After finding the line with "14k Men's ring mounting" in the entries below, retype exactly each line from there through the line with "Ansichtskarte AK Bourg", including that final line.
Data extracts Start Marker
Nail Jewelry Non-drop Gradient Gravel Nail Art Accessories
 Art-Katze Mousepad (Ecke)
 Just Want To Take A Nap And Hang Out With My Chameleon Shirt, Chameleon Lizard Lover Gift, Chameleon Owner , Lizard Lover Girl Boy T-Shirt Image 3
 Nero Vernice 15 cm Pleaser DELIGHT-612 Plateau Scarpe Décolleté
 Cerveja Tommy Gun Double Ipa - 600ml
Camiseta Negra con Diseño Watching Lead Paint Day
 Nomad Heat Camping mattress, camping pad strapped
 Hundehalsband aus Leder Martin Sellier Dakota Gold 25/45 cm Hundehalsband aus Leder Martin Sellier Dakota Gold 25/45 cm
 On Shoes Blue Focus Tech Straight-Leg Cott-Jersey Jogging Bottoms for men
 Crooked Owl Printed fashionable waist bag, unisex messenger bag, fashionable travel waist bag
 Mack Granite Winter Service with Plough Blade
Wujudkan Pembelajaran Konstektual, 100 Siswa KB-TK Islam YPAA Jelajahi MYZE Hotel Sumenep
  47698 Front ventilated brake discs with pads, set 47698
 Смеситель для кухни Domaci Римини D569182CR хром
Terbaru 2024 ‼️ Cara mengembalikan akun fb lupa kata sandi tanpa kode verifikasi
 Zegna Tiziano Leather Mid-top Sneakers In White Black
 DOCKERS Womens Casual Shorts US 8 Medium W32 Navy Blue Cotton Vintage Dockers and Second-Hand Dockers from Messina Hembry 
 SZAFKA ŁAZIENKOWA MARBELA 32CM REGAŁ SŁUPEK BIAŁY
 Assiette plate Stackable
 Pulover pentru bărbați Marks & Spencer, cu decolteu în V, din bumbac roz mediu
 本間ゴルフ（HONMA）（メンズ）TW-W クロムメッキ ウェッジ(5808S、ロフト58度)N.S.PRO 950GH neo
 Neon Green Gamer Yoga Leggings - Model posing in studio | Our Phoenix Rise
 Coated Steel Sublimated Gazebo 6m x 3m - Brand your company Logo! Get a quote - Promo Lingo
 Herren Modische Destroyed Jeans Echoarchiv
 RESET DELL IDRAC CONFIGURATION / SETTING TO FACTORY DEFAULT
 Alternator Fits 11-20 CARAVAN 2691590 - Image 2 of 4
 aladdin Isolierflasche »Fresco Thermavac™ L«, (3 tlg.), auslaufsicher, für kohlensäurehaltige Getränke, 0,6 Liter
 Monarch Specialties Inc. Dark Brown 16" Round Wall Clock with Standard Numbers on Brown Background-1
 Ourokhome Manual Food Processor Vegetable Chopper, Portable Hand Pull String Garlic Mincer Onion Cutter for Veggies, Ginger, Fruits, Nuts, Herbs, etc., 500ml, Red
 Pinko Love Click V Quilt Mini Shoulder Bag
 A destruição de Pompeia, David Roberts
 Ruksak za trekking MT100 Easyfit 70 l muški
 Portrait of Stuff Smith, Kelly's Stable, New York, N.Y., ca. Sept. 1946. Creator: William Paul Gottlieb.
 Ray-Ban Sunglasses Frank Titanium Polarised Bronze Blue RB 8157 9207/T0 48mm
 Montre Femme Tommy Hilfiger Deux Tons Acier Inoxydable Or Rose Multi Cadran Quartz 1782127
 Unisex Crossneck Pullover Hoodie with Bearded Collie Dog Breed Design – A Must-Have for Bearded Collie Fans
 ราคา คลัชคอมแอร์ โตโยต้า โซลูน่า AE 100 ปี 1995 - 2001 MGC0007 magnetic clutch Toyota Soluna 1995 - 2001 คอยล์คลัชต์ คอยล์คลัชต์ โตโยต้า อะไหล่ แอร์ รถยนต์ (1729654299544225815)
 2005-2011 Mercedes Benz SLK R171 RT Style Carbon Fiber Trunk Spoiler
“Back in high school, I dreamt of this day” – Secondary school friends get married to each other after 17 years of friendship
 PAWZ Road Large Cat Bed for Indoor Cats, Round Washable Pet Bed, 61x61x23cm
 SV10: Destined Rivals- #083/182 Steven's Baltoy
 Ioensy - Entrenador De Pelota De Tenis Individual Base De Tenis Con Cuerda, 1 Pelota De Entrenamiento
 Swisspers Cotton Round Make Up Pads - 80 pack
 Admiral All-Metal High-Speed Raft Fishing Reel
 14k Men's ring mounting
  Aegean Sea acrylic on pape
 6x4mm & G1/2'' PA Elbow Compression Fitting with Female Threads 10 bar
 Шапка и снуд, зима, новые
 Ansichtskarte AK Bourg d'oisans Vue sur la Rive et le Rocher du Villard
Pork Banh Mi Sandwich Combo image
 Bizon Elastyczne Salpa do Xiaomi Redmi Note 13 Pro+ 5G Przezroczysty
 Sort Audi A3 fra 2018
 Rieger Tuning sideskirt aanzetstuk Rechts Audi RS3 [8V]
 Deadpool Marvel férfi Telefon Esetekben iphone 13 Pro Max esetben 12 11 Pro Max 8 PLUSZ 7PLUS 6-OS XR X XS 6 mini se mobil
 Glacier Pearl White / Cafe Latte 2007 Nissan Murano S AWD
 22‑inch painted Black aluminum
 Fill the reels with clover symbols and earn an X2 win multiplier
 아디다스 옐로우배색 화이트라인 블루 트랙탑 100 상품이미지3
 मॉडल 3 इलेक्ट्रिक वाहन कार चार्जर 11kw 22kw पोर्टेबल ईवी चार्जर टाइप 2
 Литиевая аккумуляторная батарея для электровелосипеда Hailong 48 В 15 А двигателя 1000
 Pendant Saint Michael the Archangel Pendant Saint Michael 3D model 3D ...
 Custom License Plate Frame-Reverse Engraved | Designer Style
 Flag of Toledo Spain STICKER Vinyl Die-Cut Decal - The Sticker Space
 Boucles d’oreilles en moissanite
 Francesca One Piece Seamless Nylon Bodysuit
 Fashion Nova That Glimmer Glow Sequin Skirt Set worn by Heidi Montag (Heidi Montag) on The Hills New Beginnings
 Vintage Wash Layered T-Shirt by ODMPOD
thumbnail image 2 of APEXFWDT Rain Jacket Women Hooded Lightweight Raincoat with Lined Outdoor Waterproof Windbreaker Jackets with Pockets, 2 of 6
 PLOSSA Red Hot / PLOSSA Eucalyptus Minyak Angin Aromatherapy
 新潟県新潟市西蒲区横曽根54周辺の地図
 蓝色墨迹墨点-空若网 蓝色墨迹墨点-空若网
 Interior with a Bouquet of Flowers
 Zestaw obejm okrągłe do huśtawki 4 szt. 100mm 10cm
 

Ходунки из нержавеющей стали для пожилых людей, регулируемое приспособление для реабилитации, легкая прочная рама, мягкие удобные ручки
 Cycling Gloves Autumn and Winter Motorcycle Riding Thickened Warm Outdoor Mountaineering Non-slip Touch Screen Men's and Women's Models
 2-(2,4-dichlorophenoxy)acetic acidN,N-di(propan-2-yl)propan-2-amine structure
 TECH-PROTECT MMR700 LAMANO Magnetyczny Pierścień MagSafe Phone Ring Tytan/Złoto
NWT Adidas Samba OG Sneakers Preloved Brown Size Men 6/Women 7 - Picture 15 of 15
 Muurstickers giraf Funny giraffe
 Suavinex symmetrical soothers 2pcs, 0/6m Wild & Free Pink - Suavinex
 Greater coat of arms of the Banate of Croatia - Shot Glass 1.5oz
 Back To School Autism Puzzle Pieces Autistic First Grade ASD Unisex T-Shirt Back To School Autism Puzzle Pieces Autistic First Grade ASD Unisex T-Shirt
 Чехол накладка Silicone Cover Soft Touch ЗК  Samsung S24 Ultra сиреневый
Data extracts End Marker
=== Response for this exercise ===
 14k Men's ring mounting
  Aegean Sea acrylic on pape
 6x4mm & G1/2'' PA Elbow Compression Fitting with Female Threads 10 bar
 Шапка и снуд, зима, новые
 Ansichtskarte AK Bourg d'oisans Vue sur la Rive et le Rocher du Villard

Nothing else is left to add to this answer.